STAR-VAE: Structured Topology-Aware Regularization for Audio Reconstruction and Generation
2026-06-22 • Sound
Sound
AI summaryⓘ
The authors study how continuous Variational Autoencoders (VAEs) used for audio struggle to balance compression, quality, and organization of the latent space, a problem they call the Rate-Distortion-Regularity Trilemma. They explain this issue comes from using a simple Gaussian prior that does not fit well with audio's mix of predictable low-frequency sounds and random high-frequency noise. To fix this, they introduce STAR, a training method that arranges the latent space into parts that better match different audio features. They show STAR works with various VAEs, improves audio reconstruction, and helps with better text-to-audio generation.
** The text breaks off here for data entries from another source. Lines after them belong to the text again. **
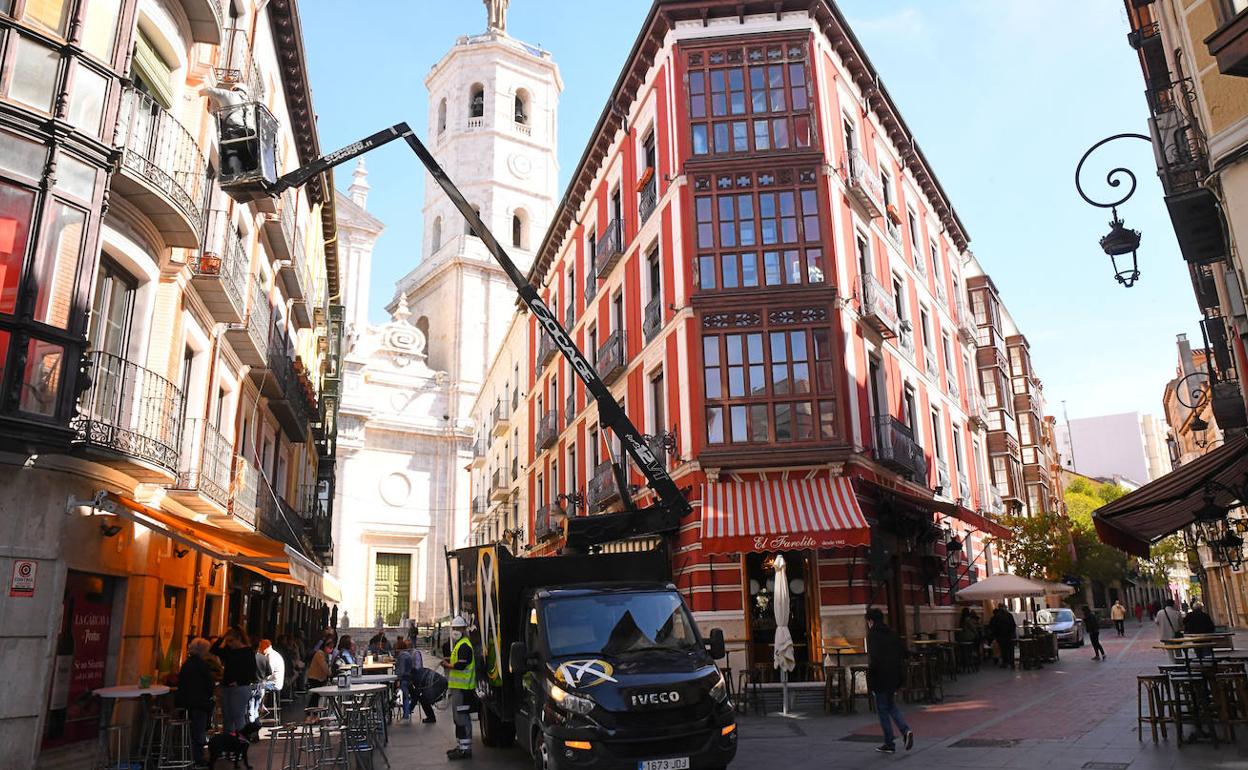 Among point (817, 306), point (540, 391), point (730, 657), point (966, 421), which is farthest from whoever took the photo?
point (540, 391)

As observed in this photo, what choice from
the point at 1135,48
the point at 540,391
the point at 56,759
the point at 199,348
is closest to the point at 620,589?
the point at 56,759

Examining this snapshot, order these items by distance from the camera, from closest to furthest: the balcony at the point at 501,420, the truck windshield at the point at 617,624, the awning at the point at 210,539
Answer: the truck windshield at the point at 617,624
the awning at the point at 210,539
the balcony at the point at 501,420

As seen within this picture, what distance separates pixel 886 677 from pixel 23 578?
9.67 metres

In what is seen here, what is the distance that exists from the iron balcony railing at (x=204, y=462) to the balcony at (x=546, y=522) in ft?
43.4

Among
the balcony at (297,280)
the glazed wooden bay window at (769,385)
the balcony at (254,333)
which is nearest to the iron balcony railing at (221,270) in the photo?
the balcony at (254,333)

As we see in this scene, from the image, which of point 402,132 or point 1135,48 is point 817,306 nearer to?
point 1135,48

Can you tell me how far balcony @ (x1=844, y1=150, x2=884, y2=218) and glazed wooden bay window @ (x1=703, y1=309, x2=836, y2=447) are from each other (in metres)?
3.91

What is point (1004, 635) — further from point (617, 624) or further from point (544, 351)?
point (617, 624)

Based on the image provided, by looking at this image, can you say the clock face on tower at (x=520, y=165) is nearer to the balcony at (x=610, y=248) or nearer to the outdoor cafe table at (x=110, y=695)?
the balcony at (x=610, y=248)

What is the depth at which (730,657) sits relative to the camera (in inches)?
680

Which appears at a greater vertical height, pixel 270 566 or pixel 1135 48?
pixel 1135 48

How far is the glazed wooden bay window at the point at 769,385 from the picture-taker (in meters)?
18.3

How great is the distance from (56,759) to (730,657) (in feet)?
37.3

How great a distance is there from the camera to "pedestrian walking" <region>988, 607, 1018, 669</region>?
23.4m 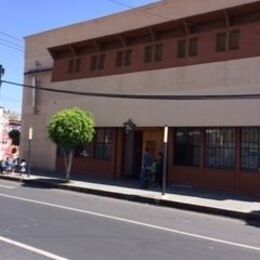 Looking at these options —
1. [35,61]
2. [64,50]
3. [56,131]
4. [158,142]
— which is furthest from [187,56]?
[35,61]

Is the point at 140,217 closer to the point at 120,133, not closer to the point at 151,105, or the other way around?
the point at 151,105

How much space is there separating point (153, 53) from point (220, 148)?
595 centimetres

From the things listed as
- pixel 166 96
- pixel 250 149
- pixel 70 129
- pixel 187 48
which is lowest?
pixel 250 149

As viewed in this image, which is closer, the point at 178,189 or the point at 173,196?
the point at 173,196

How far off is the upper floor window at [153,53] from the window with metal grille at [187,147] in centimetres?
358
Variational Autoencoder (VAE)latent spacerate-distortion tradeoffGaussian prioraudio generationtopologystructured latent spaceregularizationdiffusion modelsflow matching
Authors
Huadai Liu, Wen Wang, Kaicheng Luo, Qian Chen, Xiangang Li, Wei Xue
Abstract
Continuous Variational Autoencoders (VAEs) serve as the fundamental continuous tokenizer for modern neural audio generation systems, enabling high-fidelity reconstruction while providing a compact, smooth latent space for downstream generative priors. However, continuous VAEs face a fundamental conflict among compression rate, reconstruction fidelity, and latent space topology, which we formalize as the Rate-Distortion-Regularity Trilemma. This trilemma stems from a topological mismatch: the isotropic Gaussian prior in standard VAEs imposes a flat latent geometry that fails to accommodate audio's hierarchical nature, where low-frequency components are structured and compressible while high-frequency components are stochastic and incompressible, leading to disordered information packing in which crucial semantic features are interleaved with high-entropy noise. To address this challenge, we propose Structured Topology-Aware Regularization (STAR), a general training strategy that reshapes latent space geometry by imposing a growth-based constraint field, routing structural and textural information into channel subspaces with matching capacities. STAR is applicable to any VAE architecture and effectively resolves the trilemma, as demonstrated in CNN-based VAEs. We further present STAR-VAE, which combines STAR with a hybrid CNN-Mamba architecture for local feature extraction and linear-complexity global context modeling, and STAR-Gen, an LLM-based Flow Matching framework that leverages STAR-VAE's structured latent space for high-fidelity generation without vector quantization artifacts. Experiments across diverse audio domains show that STAR-VAE achieves state-of-the-art reconstruction fidelity and enhanced semantic information preservation, while the structured latent space improves both traditional diffusion models and STAR-Gen for text-to-audio generation.